Background: This study examined the association between county-level measures of socioeconomic status (SES) and the incidence rate of human papillomavirus(HPV)-associated cancers, including cervical, vulvar, vaginal, anal, penile, and oral cavity and oropharyngeal cancers.
Methods: The authors collected data from cancer registries for site-specific invasive cancer diagnoses between 1998 and 2003, inclusive, among adults aged >20 years at the time of diagnosis. County-level variables that included education, income, and poverty status were used as factors for socioeconomic status. Measures of rural-urban status, the percentage of the population that currently smoked, and the percentage of women who reported having ever had a Papanicolaou (Pap) test were also studied.
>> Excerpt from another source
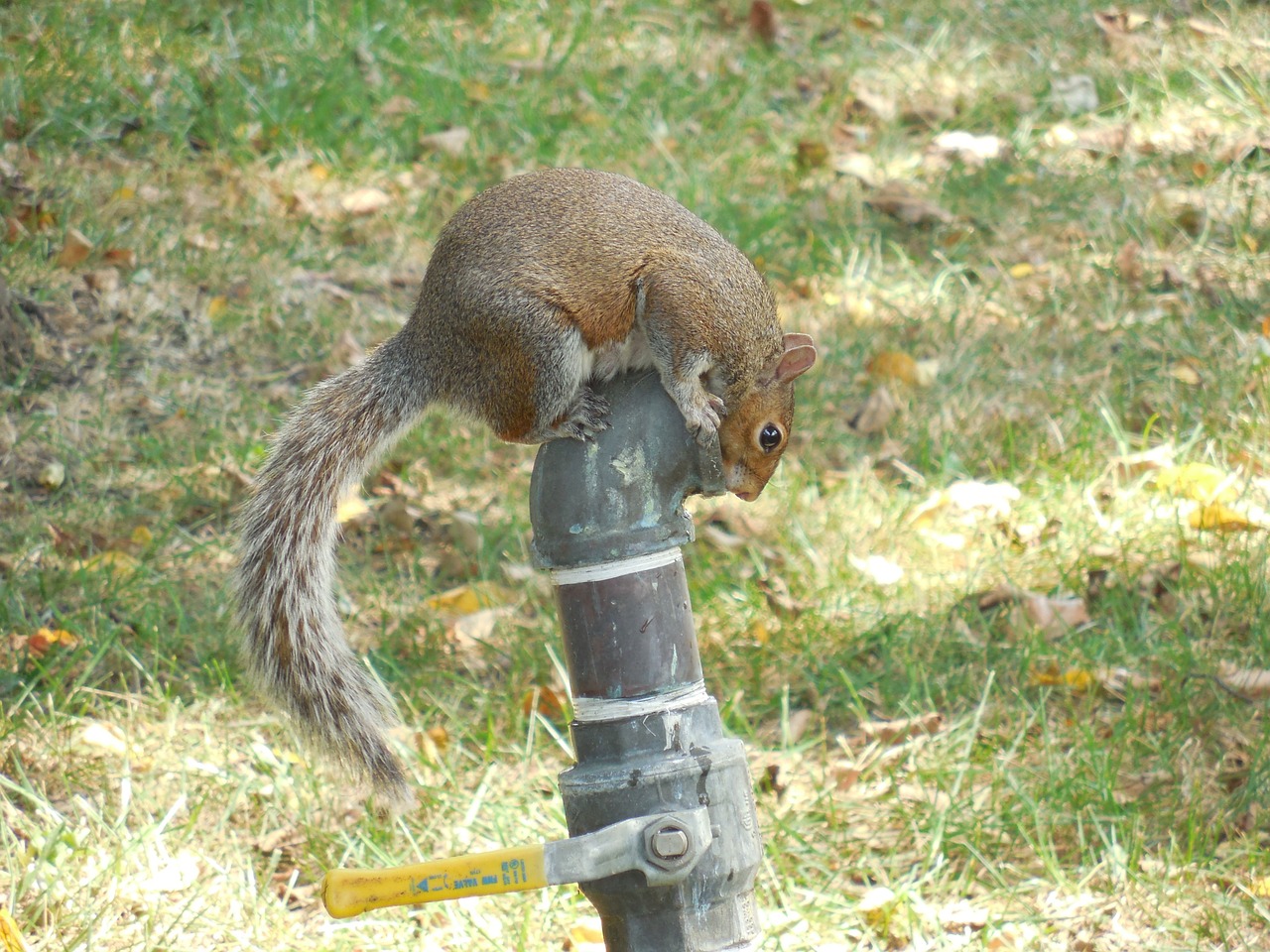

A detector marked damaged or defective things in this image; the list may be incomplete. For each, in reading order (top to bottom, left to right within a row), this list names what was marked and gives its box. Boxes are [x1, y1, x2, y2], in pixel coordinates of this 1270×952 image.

corroded pipe cap [528, 368, 726, 571]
Results: Lower education and higher poverty were found to be associated with increased penile, cervical, and vaginal invasive cancer incidence rates. Higher education was associated with increased incidence of vulvar cancer, male and female anal cancer, and male and female oral cavity and oropharyngeal cancers. Race was an independent predictor of the development of these potentially HPV-associated cancers.
Conclusions: These findings illustrate the association between SES variables and the development of HPV-associated cancers. The findings also highlight the importance of considering SES factors when developing policies to increase access to medical care and reduce cancer disparities in the United States.